> Task description: Lower down are entries containing pictures. Copy exactly, without those pictures, the lines from the line with "Villa in Bale for 6–8 Guests with Pool" through the line with "3711 County Road 3112, Purdon, TX 76679".
*** Records shown
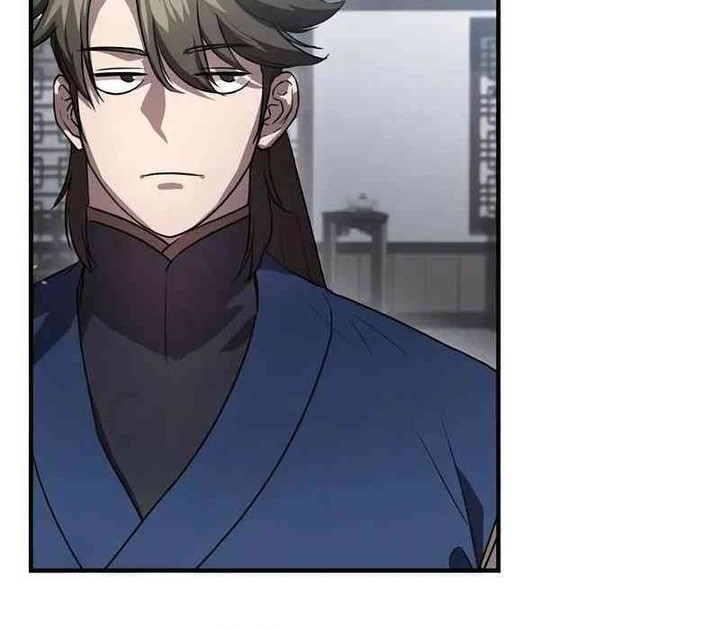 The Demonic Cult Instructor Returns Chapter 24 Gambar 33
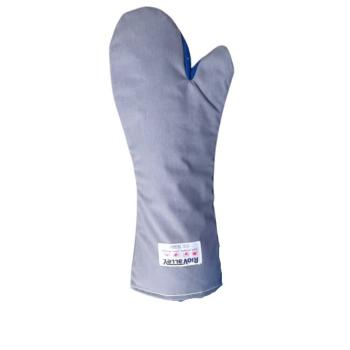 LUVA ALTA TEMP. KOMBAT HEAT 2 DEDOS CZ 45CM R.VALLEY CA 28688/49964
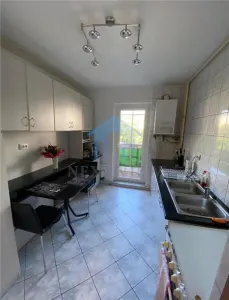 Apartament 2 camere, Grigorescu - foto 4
******
*** Records shown
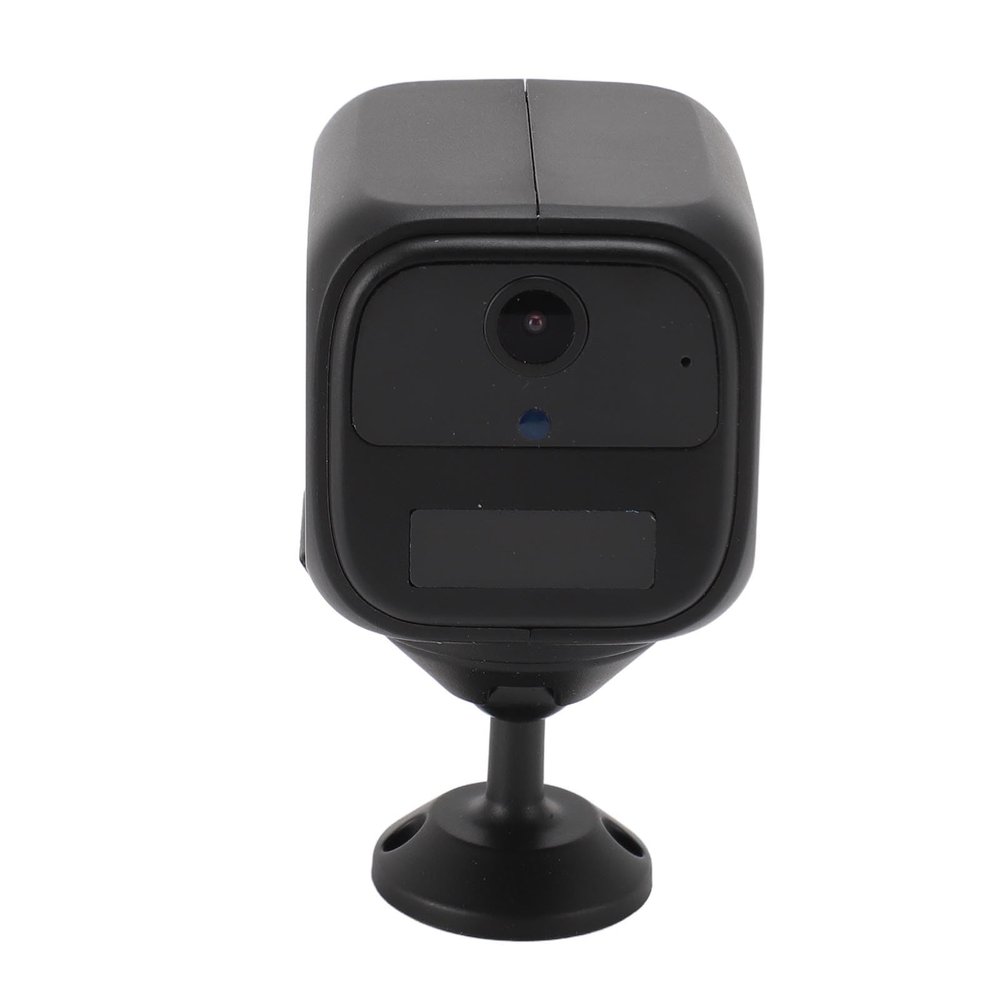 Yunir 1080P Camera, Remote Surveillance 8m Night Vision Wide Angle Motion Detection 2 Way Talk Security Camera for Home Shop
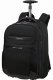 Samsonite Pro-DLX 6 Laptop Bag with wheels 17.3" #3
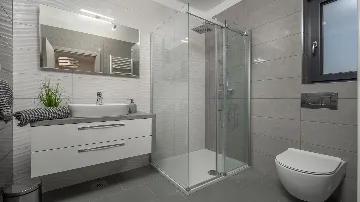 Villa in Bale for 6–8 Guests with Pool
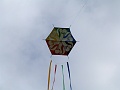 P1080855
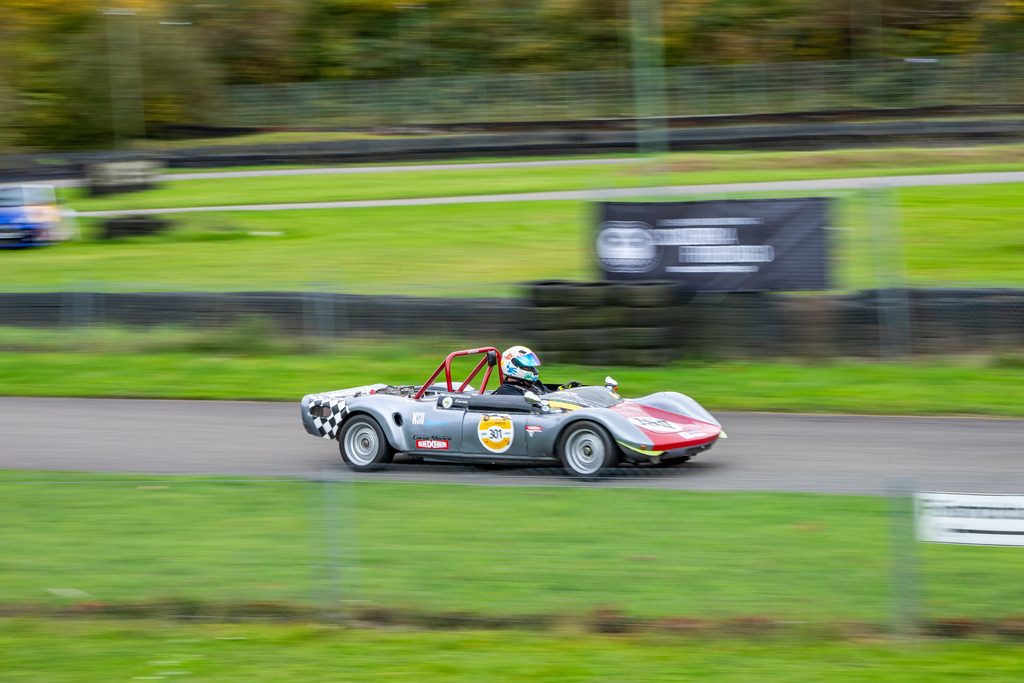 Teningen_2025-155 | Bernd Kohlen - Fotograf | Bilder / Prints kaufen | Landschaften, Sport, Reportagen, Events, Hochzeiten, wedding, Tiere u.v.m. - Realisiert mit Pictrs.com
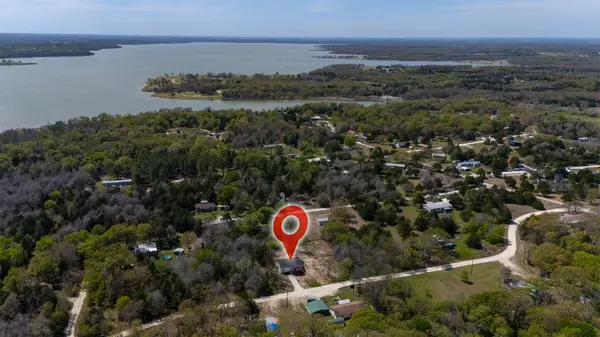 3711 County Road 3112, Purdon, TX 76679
******
> Result for this task:
 Villa in Bale for 6–8 Guests with Pool
 P1080855
 Teningen_2025-155 | Bernd Kohlen - Fotograf | Bilder / Prints kaufen | Landschaften, Sport, Reportagen, Events, Hochzeiten, wedding, Tiere u.v.m. - Realisiert mit Pictrs.com
 3711 County Road 3112, Purdon, TX 76679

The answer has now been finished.